Compared to the preceding Jan-Mar quarter, advertising revenue from the English newspapers were down 18%.

“Advertising budgets continued to shrink, affecting growth despite a favourable base effect,” said chairperson Shobhana Bhartia.

It said it saw “muted ad spends” in sectors such as government, auto, retail, entertainment and finance, while real estate and e-commerce showed growth.

“National spends muted over last year,” HT Media said.

Bhartia said revenue growth was hit by “persisting macroeconomic challenges. “Although the impact of RERA and GST implementation are both waning, with businesses getting used to them,” she added.

She also said there could be some “short-term pressure on both growth and profitability” for the company.

HINDI PRINT

The company, which gets about 40% of its print revenue from its Hindi newspaper Hindustan, also saw year-on-year declines in advertising revenue, but ad revenue in Hindi improved from the sudden dip seen in the Jan-Mar quarter.

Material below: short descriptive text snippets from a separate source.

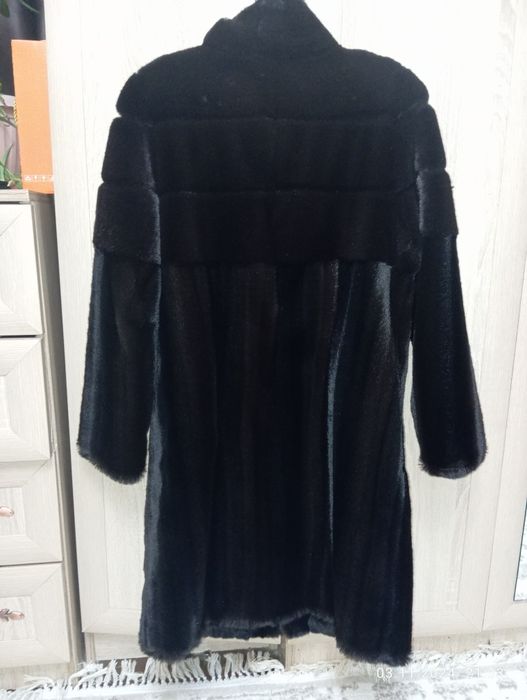 Продам шубу под норку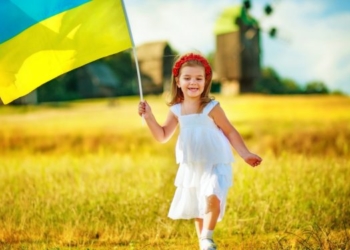 На Тернопільщині випускники ліцею записали кліп на патріотичну пісню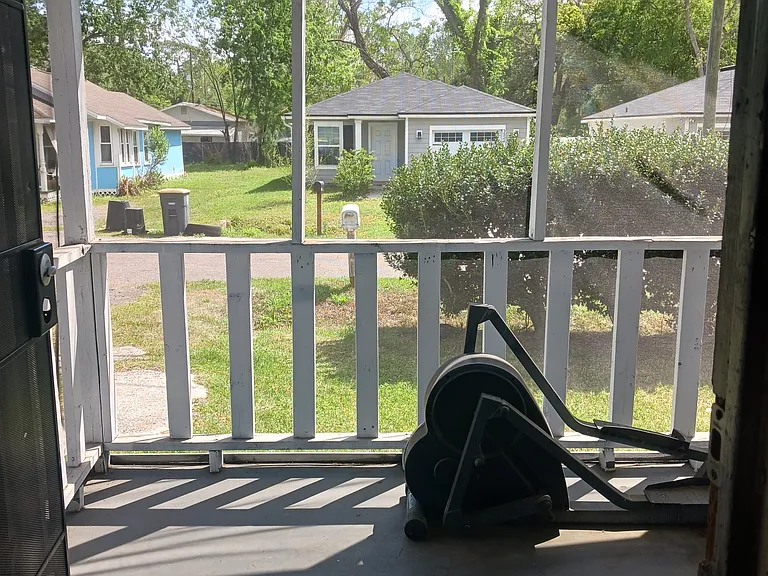 Can leave LR Door open to enjoy screened porch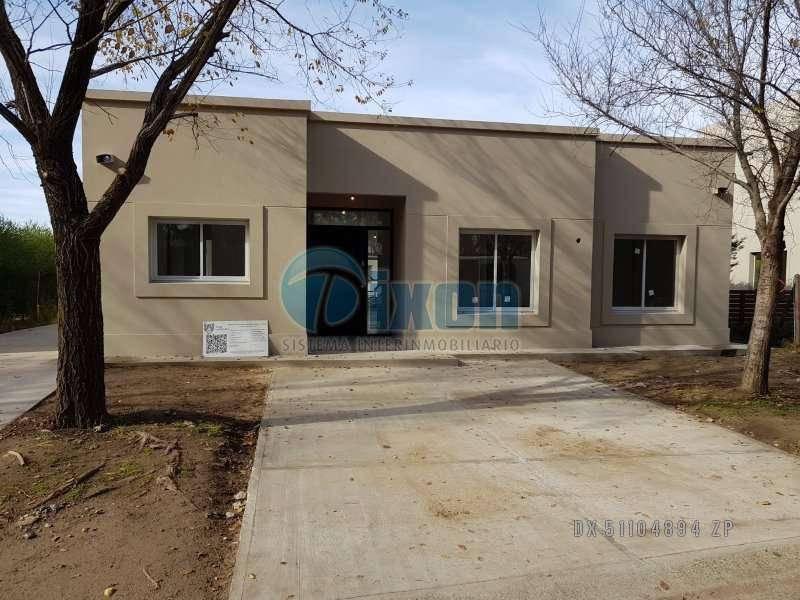 Barrio cerrado La Comarca - Casa Venta USD 320.000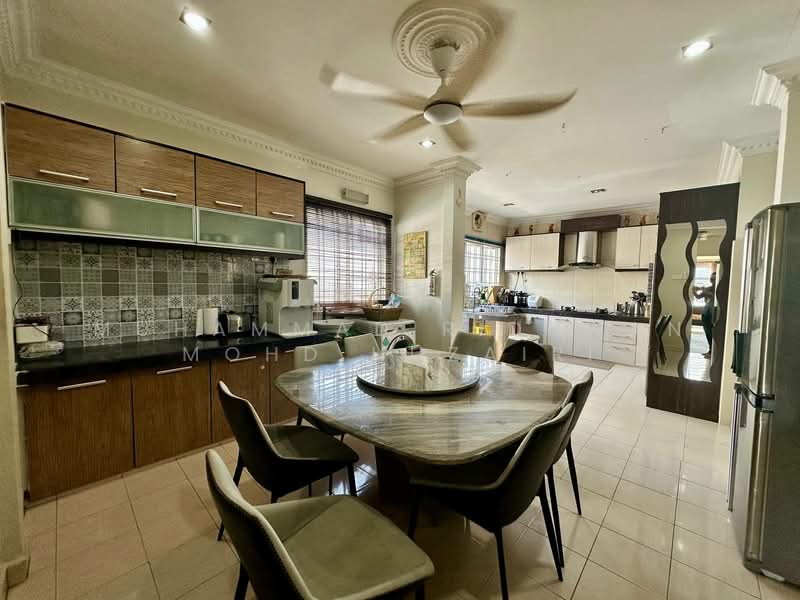 Terraced House for Sale in Bandar Putra Permai (Seri Kembangan) - Muhammad Ridhwan Mohd Huzairi - Kitchen - PropertyGuru.com.my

Year-on-year, Hindi ad sales were down 5% at Rs 168 cr, but were up 13% compared to the Jan-Mar quarter.

Jan-Mar had been a particularly bad period for the Hindi newspaper.

Despite the sequential increase in Hindi print ad revenue, the run rate is still slightly below the company’s quarterly average.

In this segment too, it reported ‘muted spends’ in government, classifieds, retail, health, durables and finance, while e-commerce, real estate, auto and FMCG reported ‘pick up’.

“Despite poor base, there was hardly any growth in education category,” it said.

RADIO

Meanwhile, radio revenue continued to grow, powered by the inauguration of new stations.

Revenue, which is almost entirely from ad sales, rose 12% on year to Rs 47 cr, while EBIT margin was at 11% compared to 5% last year.